The toilet and equipment are connected in such a manner that the equipment receives all toilet waste from the toilet.
Equipment designed for the storage of human excrement is provided with a deck fitting and such connecting piping as is necessary for the removal of toilet waste by shore-based pumping equipment.
No means of removal of toilet waste is provided other than the means mentioned above.
All parts of the system for removal of toilet waste are congruent with one another and the boat.
Sounds like composting toilets, like an Airhead, are illegal.

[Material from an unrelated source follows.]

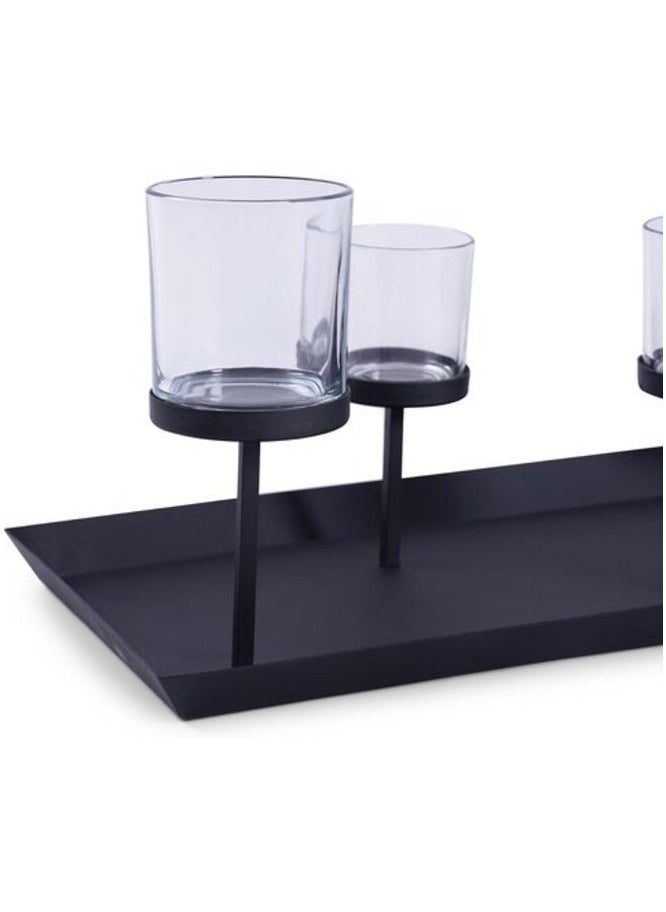 Pan Home - Pan Home Alnico 7 Candle Holder - Image 1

Also, sounds like a locked Y-valve is no longer acceptable. You need to pull the hose from the thru-hull?

Looks like I'll be keeping my tourist dollars in the US this summer. I'm not fighting with the head hoses and risk having to replace them. What do coastal cruisers in Canada who have a lectrasan or who want to go offshore three miles do?


----------



## JohnRPollard (Mar 26, 2007)

On our boat, it would be even more complicated than that. Not only would we have to disconnect the hose going from the y-valve to the thru-hull for direct discharge, but the requirement that



> "No means of removal of toilet waste is provided other than the means mentioned above"

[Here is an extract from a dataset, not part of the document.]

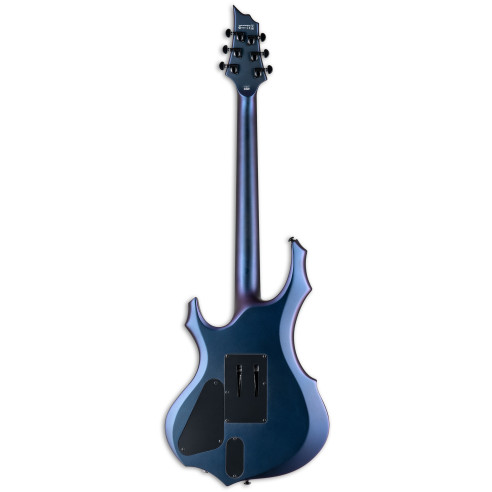 LTD F-1001 VIOLET ANDROMEDA SATIN Guitarra Eléctrica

would mean that we'd have to eliminate our separate system that can discharge the contents of the holding tank overboard via a macerator pump and dedicated thru-hull.


----------



## AjariBonten (Sep 7, 2007)

So, a potty chair on the dive platform is out heh?


----------



## xort (Aug 4, 2006)

Potentially, 2 heads means disconnecting 4 hoses.
I have 2 hoses I'll have to pull.
The aft head hose is the Trident 101 which slips on and off RELATIVELY easily. But I am putting Sealand odorsafe on the forward discharge line. That hose is much more difficult and the seacock is in a very difficult spot to reach. The hose cost me over $100. The other end is at the syphon loop behind cabinetry, also difficult to reach.


----------



## Faster (Sep 13, 2005)

These new restrictions are for landlocked waters, and as I understand it we barely avoided such measures on the outer coasts as well. 

There was a considerable movement afoot once the intended guidelines were released a couple of years ago.. the coastal requirements have been eased considerably. The original proposals would have meant that everyone cruising the BC coast would have had to go outside Vancouver Island to get enough distance from "any shore" to empty the holding tank. I think it's been eased to 3 or 5 miles now, allowing those cruising the inside passages to at least have a chance to be in compliance.

But I expect that there's more to come in this department.


----------



## Pogo-2 (Jan 3, 2006)

I go to Canada several times during the summer, so I've removed all piping and the Y valve associated with direct discharge of waste from my Newport 30. The question came up as to what would happen if everything just remained in the boat and the valves were just shut off. I was told the Canadians could inpound your boat, and you could be subject to a $5000.00 fine. Sorry I don't even want to find out the answer. Its not a big deal about getting pumped out, where we go in Canada if you stay at least for 2 days they will pump you out for free.


----------



## xort (Aug 4, 2006)

fast
OK, I see the Ontario & interior water designation. I'm on the Great Lakes. Looks like I'll be skipping the trips to Canada. Way too much hassle with my setup.


----------



## winterbuoy (Apr 8, 2007)

If this is true then I would say that almost every boat at our club is in violation of this rule. That would be about 300 boats of every size. Also the boats at the club next to us would have problems as well as I have been aboard a few of them. Is this a new rule? I have never heard around the docks of anyone being hassled as long as the Y valve is closed to the overboard side. As long as it’s locked with a cable strap from what I’ve heard. If true, it’s the stupidest rule I’ve heard and just another attack on boaters. Where we are, in West Toronto, there is a huge treatment plant about 2 miles away. Every time there is a big rain storm this plant can’t handle the amount of water and raw sewage is discharged into Lake Ontario, like thousands of gallons, I’ve seen it happen many times and the smell is very bad. Now how many boats would have to discharge that amount I wonder from just one incident?


----------



## Faster (Sep 13, 2005)

That's typical of the lawmakers' knee jerk reaction to environmental pressures and that fact that "yachties" are an easy target.
Victoria BC also discharges vast amounts of marginally treated sewage at a time when these kinds of rules are coming down hard on the relatively small boaters' contribution to the problem.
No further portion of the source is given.